I love this story about the difference between memorizing things “by rote” versus “by heart”.  Although I don’t see much reference to Shakespeare in the text, it’s not hard to extrapolate.  How often do we use the tired old example of your high school English teacher who forced you to memorize, just for the sake of memorization, the balcony scene?  And the generation of students that can recite it but still hate it, or worse, hate it all the more because of that?

So there’s a thought that if you learn by heart it means you take the poem right into yourself, it becomes part of you. And it remains with you, probably for the rest of your life. I think a lot of us can remember bits of poetry that we learned when we were very young. So it’s something that lives with you forever.
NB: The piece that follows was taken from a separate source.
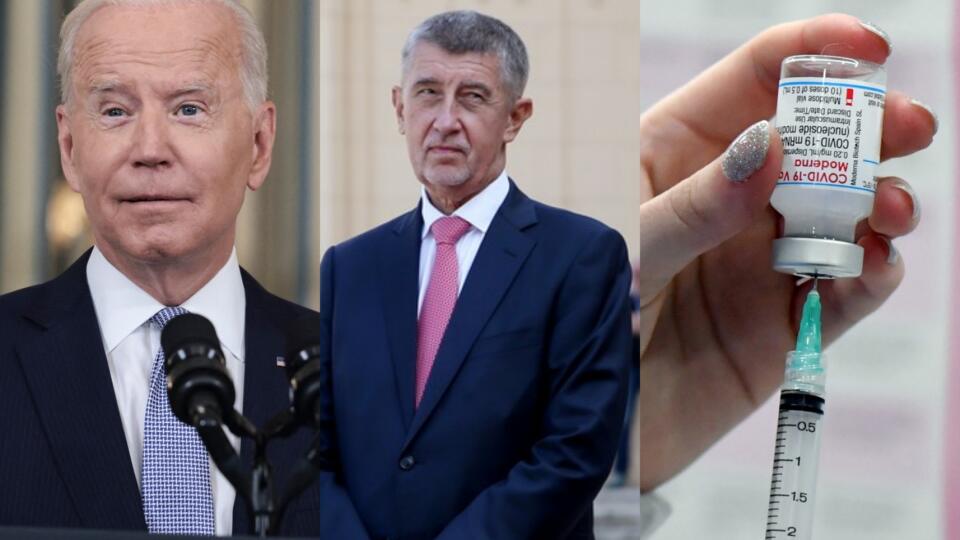 Joe Biden aj Andrej Babiš sa dajú zaočkovať treťou dávkou vakcíny proti koronavírusu.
What bits of Shakespeare have you memorized “by heart”?  I can do some rote bits of Dream or Macbeth or even the dreaded balcony scene, but other than as a “go to” bit of text when I need it, there’s no love for those passages.  I know Sonnet 18 by heart because for years I sang it to my children at bedtime.  I know Sonnet 17 by heart because I recited it to my wife during our first wedding dance.  I’ll admit that I don’t know “by heart” many longer passages, just some turns of phrase here and there that truly resonate just right where you need them.

http://www.npr.org/2013/01/19/169731110/u-k-asks-students-to-learn-poetry-by-heart-not-by-rote

2 thoughts on “Poetry By Heart

  1. From an essay I wrote on Shakespeare's technique:

    To the actor: “Not for nothing do we learn the speeches ‘by heart’. (Emphasis mine) They should occupy your whole being, body and breath.” Two of my favorites: “Ultimately, we are what we speak” and…“You speak yourself into consciousness”. …Patsy Rodenburg

    If we explore and understand the visceral nature of Shakespeare's technique, it's hard to not learn his speeches "by heart".